§ **What the task asks**: Repeat the data exactly, leaving out any image.

§ **Information shown**:
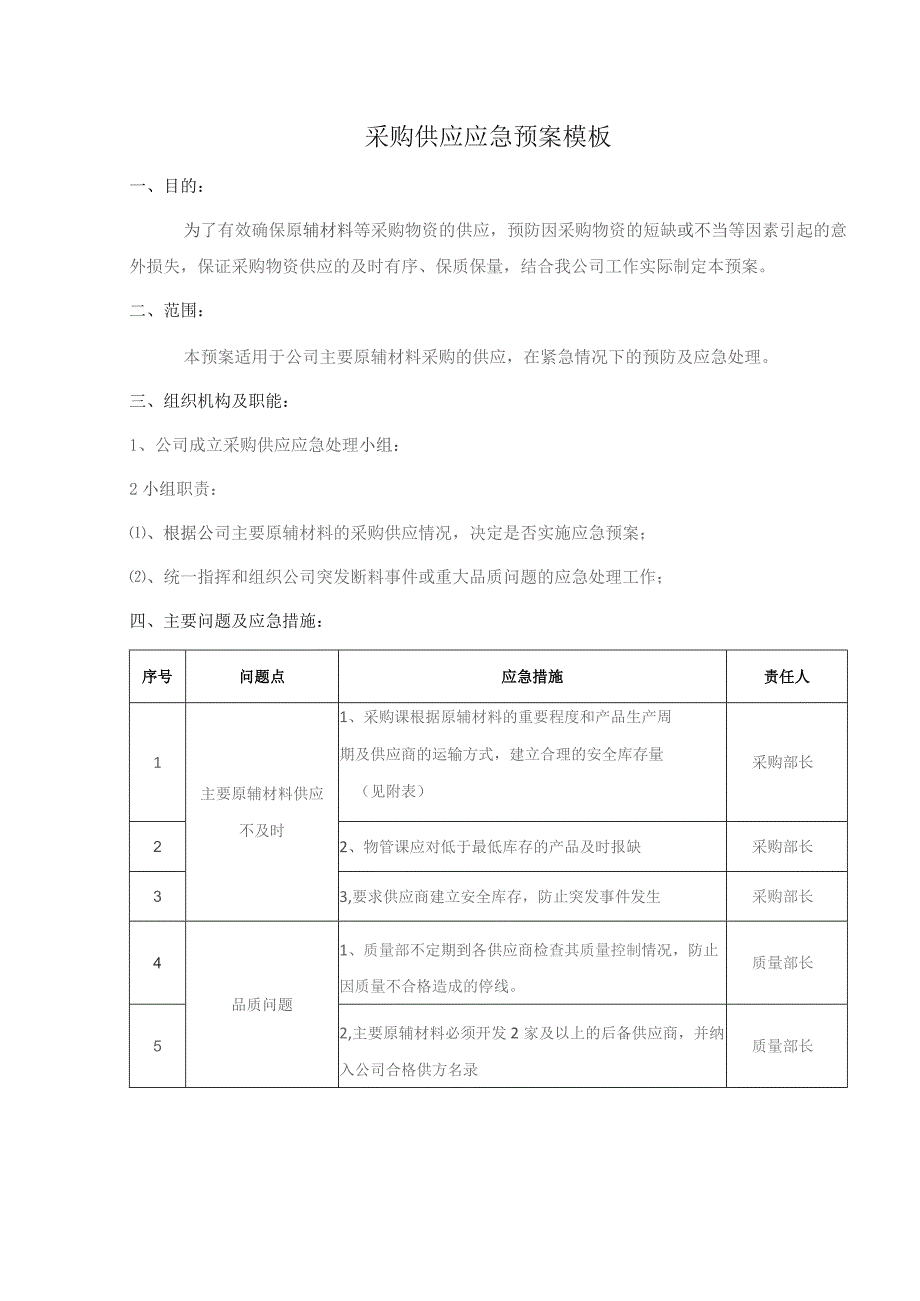 采购供应应急预案模板_第1页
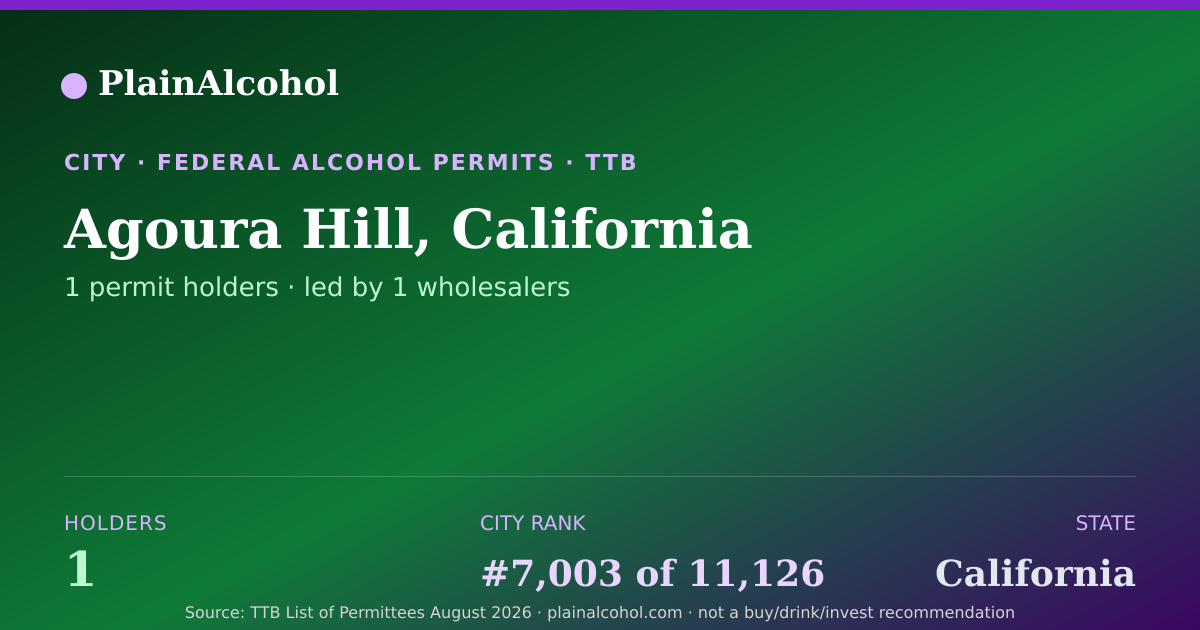 Shareable card for Agoura Hill, California - 1 Alcohol Permit Holders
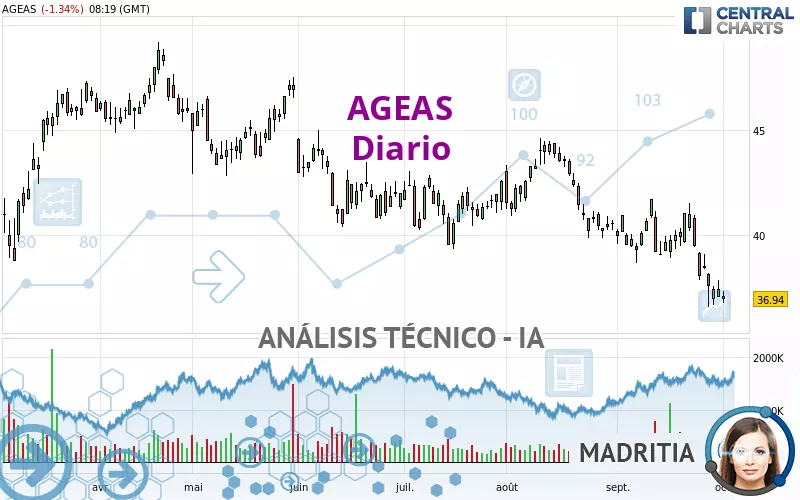 AGEAS - Diario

§ **Written response**:
 采购供应应急预案模板_第1页
 Shareable card for Agoura Hill, California - 1 Alcohol Permit Holders
 AGEAS - Diario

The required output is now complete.